Advanced Medical Management–Plasma Exchange
The decision to perform plasma exchange was made within 24–48 h of hospitalization due to lack of clinical improvement, worsening azotemia and persistent oliguria or anuria despite advanced medical management as described.
Three dogs (case 1, 3, 4) underwent one PEX cycle and two of these dogs (case 3 and 4) also required a cycle of prolonged intermittent renal replacement treatment (PIRRT) with veno-venous hemodiafiltration to treat the severe azotemia and hyperkalemia the following day. The duration of PIRRT treatment was respectively 5 and 6.5 h, which resulted in a urea reduction ratio (URR) of 45.6 and 56%, respectively. The three other dogs (case 2, 5, 6) underwent two cycles of PEX within 48–72 h. Only case 1 received a single cycle of PEX, the remaining 4 dogs received two extracorporeal therapy cycles each (see Table 3). The PEX cycles were performed using an extracorporeal plasmafiltration system (Prismaflex® Software version 6.XX, Prismaflex® TPE 2000 with a 125 mL blood volume per set) and the PIRRT was performed using Prismaflex® Software version 6.XX, Prismaflex®; Prismasol®4; Gambro, UK) (see Figures 1, 2).
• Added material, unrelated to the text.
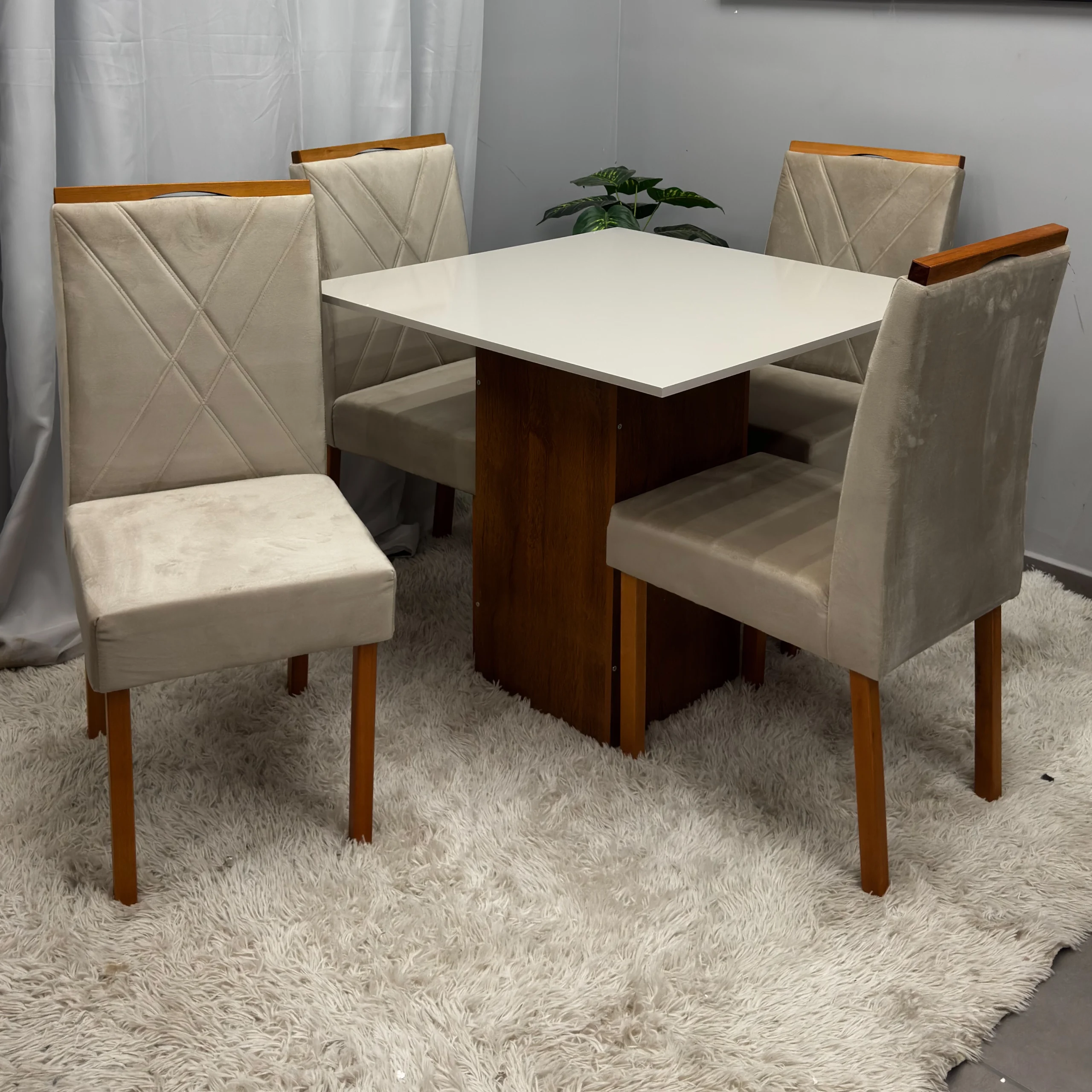 Mesa Mesa de Jantar Dakota 90x90cm Sem Vidro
Table 3. Summary of the plasma exchange therapy in six dogs with cutaneous and renal glomerular vasculopathy at the tertiary referral center.
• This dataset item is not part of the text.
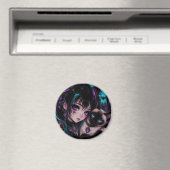 Aimant Fille Anime Emo Gothique & Chat (In Situ (Lave-vaisselle))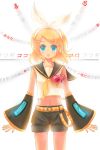  bad_id blonde_hair blush detached_sleeves hair_ornament hair_ribbon hairclip headset heart huan_ying kagamine_rin kokoro_(vocaloid) open_mouth ribbon sailor_collar short_hair shorts solo vocaloid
Figure 1. Patient undergoing a plasma exchange (PEX) cycle. Permission for publication of this image was obtained by the clients. In the background, the extracorporeal plasma filtration unit can be seen (Prismaflex®;Gambro).
Vascular access was achieved in all dogs by placement of a short-term, double lumen, dialysis catheter (Coviden™, Mahurkar™; Acute Dual Lumen Catheter Kit) in the jugular vein. The chosen size of the jugular catheter was based on the size of each dog, ranging from 11.5–13.5 Fr to 19–24 cm. Four dogs had the catheter placed in the right jugular vein and two dogs in the left jugular vein. The procedure was performed under general anesthesia using surgical aseptic conditions with modified Seldinger technique used. Anticoagulation for the PEX cycles was achieved with regional anticoagulation, infusing Citrate ACD-A (Haemonetics®) through the pre-blood pump in all 6 dogs.
Our citrate protocol consisted of administering Citrate ACD-A at a rate of 5.65 mmol citrate per liter of circulating blood for 30 min. Following this we aimed to reduce the citrate infusion to 1.69–2.26 mmol/L of blood. The citrate infusion was titrated to achieve an extracorporeal plasma ionized calcium concentration of < 0.35 mmol/L. Calcium gluconate (Calcium gluconate 10%) was administered diluted to 2.4% with NaCl 0.9% (Aquapharm 1®) at a starting rate (ml/h) of 0.4 times the citrate infusion (ml/h) and subsequently titrated to achieve a target plasma ionized calcium in the patient between 1.1 and 1.3 mmol/L (23).
The median Plasma Volume (PV) exchanged with PEX was 1.8 (range 1–3.3) with a median volume of 1426 mL (range 495–2,565 mL). The PV was calculated by the following equation; PV = (BW(kg) × 0.09) × (1-hematocrit) (16, 24). PEX was performed over a median time of 3 h (range 2.5–4) (see Table 3). Plasma removed was replaced with a combination of 0.9% saline (Aquapharm 1®) and stored (SFP) or fresh frozen plasma (FFP). For each cycle, the replacement fluid initially used was 0.9% sodium chloride before transitioning to FFP/SFP infusion. The median time before transitioning to plasma was 70 min (range 25–120). The plasma prescribed was blood-type matched for each recipient. Plasma administered accounted for 30.4% (range 16.3–48.8) of the total volume exchanged.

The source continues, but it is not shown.